Alaric siseó entre dientes apretados.

—No es estúpido. Se llama cubrir nuestras huellas… algo que deberías intentar alguna vez.

Armand empujó el cadáver con el pie.

—¿Ya terminaste? Porque me está dando hambre otra vez.

Alaric le lanzó una mirada asesina pero siguió cavando, murmurando entre dientes:

—Te juro que un día de estos, te enterraré en uno de estos hoyos…

—Qué lindo —Armand sonrió con suficiencia—. Puedes intentarlo.

Alaric lo ignoró. Siguió cavando. Porque por supuesto que sí. Él siempre limpiaba el caos de Armand.

Después de terminar de enterrar el cuerpo… Armand se apoyó contra Alaric, brazos cruzados, una sonrisa en su rostro, mirando la tumba. —Sabes, creo que esto es exagerado. Nunca lo encontrarían de todos modos. Solo eres paranoico, gemelo.

Los ojos de Alaric se estrecharon y, sin decir palabra, empujó a Armand con fuerza en el pecho, haciéndolo tropezar hacia atrás y maldecir por lo bajo.
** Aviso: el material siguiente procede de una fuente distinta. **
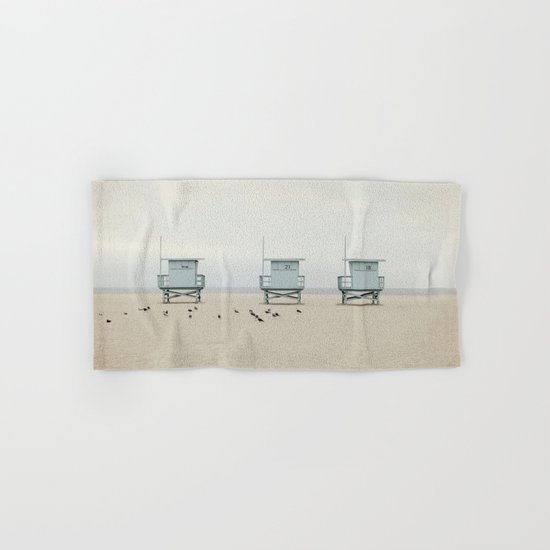 Lifeguard Towers with Birds Hand & Bath Towel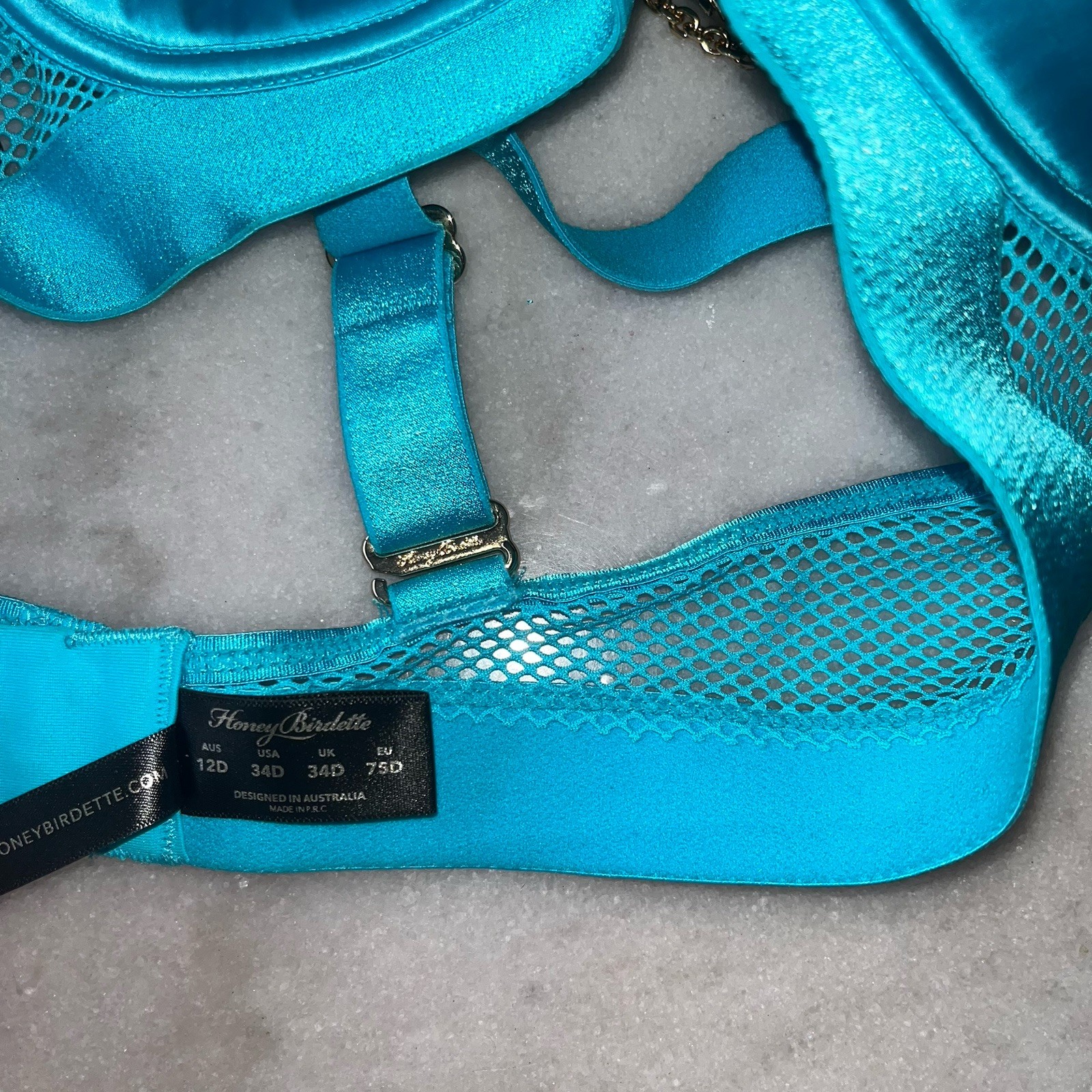 Honey Birdette Jasmin Turquoise Bra Size 12c/34c/34c/75c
—¿Crees que esto es paranoia? —gruñó Alaric, agarrando la pala que estaba en el suelo como un arma—. Imagina los titulares si alguien viera tu estúpida mandíbula manchada de sangre o notara las marcas de mordida… oh espera, ese eres tú, Sr. Vampiro Encantador. Todos sabrían exactamente qué psicópata eres.

Armand ladeó la cabeza, con sangre seca brillando bajo la luz de la luna en la comisura de su boca, y la lamió casualmente, como desafiando a Alaric a perder el control. —Dices eso como si fuera algo malo.

Alaric se pellizcó el puente de la nariz y soltó un largo y exasperado suspiro. —Eres insoportable. Literalmente insoportable. —Le apuntó con un dedo—. Pareces un completo idiota ahora mismo. ¿Y si alguien viera eso? Oh, qué espectáculo. Serías la estrella del siglo, y no de buena manera.

Armand se rio, un sonido bajo y divertido que irritaba los nervios de Alaric. —Relájate. No hay nadie cerca para juzgarme.

Alaric lo pinchó de nuevo con la pala. —Realmente no tienes concepto de sutileza, ¿verdad?

Armand se limpió la comisura de la boca con el dorso de la mano, todavía sonriendo. —La sutileza es aburrida.

Alaric negó con la cabeza y murmuró, más para sí mismo que para Armand:

—Eres tan estúpido a veces… Juro que no sé por qué me molesto.

Armand sonrió con suficiencia, disfrutando de poner a Alaric de los nervios. —Vamos a la fiesta después de esto, gemelo. ¿Qué te parece?

Aunque Armand era como el tranquilo, pero con su hermano… es un niño mimado. Y Alaric siempre termina limpiando su desastre… así que se acostumbró a que le ayudaran y literalmente se volvió completamente inútil, siempre apoyándose en Alaric para todo.

—¡Nos vamos a casa! —ladró Alaric, cortándolo a media frase, su voz aguda y autoritaria, cortando la sonrisa de Armand.

Armand parpadeó, momentáneamente desconcertado, con una risa amenazando con escapar, pero Alaric no le dio la oportunidad. —Nada de fiesta… has perdido la oportunidad… Pareces un idiota ensangrentado. Nos vamos a casa antes de que alguien te vea y yo pierda la cabeza.

Armand levantó una ceja, su sonrisa temblando. —¿Tú… hablas en serio?

Alaric lo señaló, su expresión fría como piedra. —Completamente en serio. Ahora muévete. Hemos terminado con esta idiotez. A casa. Ahora.

Armand puso los ojos en blanco, pero sabiendo cuándo no presionar, finalmente se encogió de hombros. —Bien, bien… genio gemelo, guía el camino.

Alaric ni siquiera miró atrás, ya marchando adelante con determinación, dejando a Armand murmurando y negando con la cabeza, aunque secretamente le gustaba esta parte arrogante de su gemelo, porque entonces su energía coincidiría con la suya.